Annual Report to Parliament 2013 - page 10

Annual Report to Parliament 2013 – Report on the
Personal Information Protection and Electronic Documents Act
This year’s report also shares stories flowing
from investigations of complaints, addressing
systemic issues.
At the same time, it also underlines outreach
efforts, providing guidance to help businesses
steer clear of privacy pitfalls, while continuing
to educate Canadians about contemporary
privacy risks, and the steps they can take to
better protect themselves.
Technological Turbulence
As has become a general norm, many of
2013’s privacy challenges were rooted in new
and emerging technologies—technologies
including facial recognition software, wearable
computing, cloud computing, online
behavioural advertising, always-on smart
phones, geo-spatial technology, advanced
analytics, unmanned aerial vehicles (or drones)

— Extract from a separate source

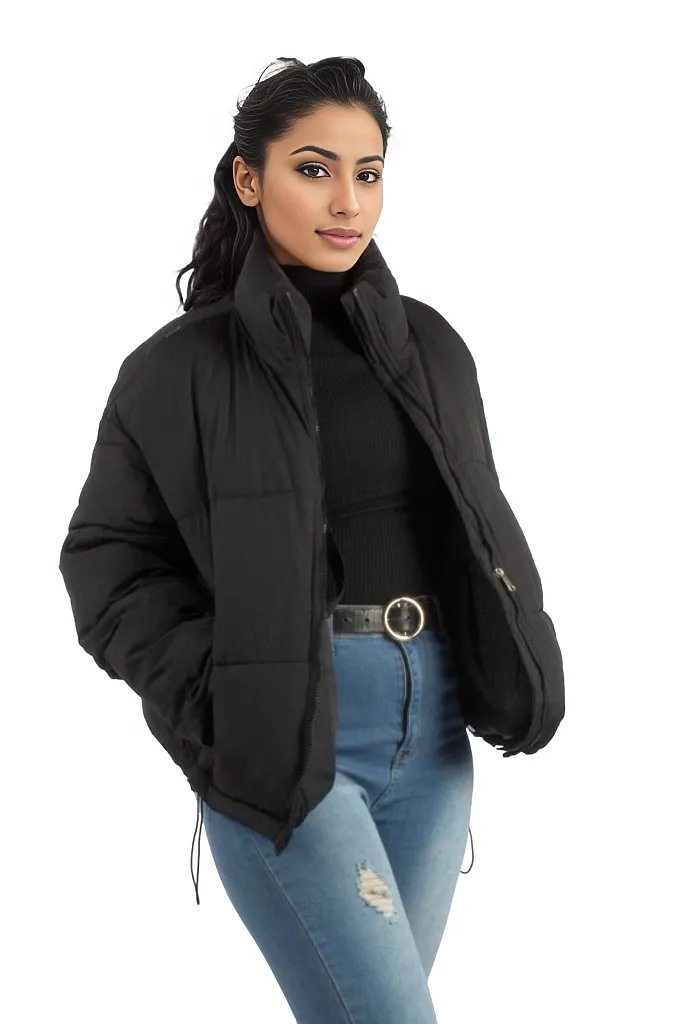 Crop Padded Winter Pocket Jacket XD21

and genetic profiling. The Office sought to
pinpoint the potential risks to privacy, which
can be magnified by the fact that, increasingly,
new technologies don’t generally operate in
isolation. Instead, device and data sources
merge and converge, spilling out new forms
of digital information that can be detailed,
persistent, and—at least in theory—infinitely
and perpetually accessible.
This highlights the need for cooperation
among regulators to ensure privacy protection
beyond discrete informational transactions to
address the global reach of organizations that
have the capacity to collect and use virtually
limitless amounts of personal information.
And it’s not just companies that are interested
in data about individuals for their commercial
purposes. More and more, it has been observed
that personal information originally collected
by the private sector can also flow into the
hands of public sector agencies dedicated to
law enforcement and national security. The
need for a constructive debate around greater
transparency and accountability on all sides
is evident. And a special report from the
Office tabled in Parliament in January 2014
made recommendations seeking to shape and
contribute to this discussion.
Evolving Investigative Process
While it is understandably beyond many
individuals to fully comprehend all the
complexities of these challenges, one axiom
holds true: Canadians value their privacy.
They have told this Office so through regular
public opinion polling along with hundreds of
complaints every year alleging infringement of
their privacy rights.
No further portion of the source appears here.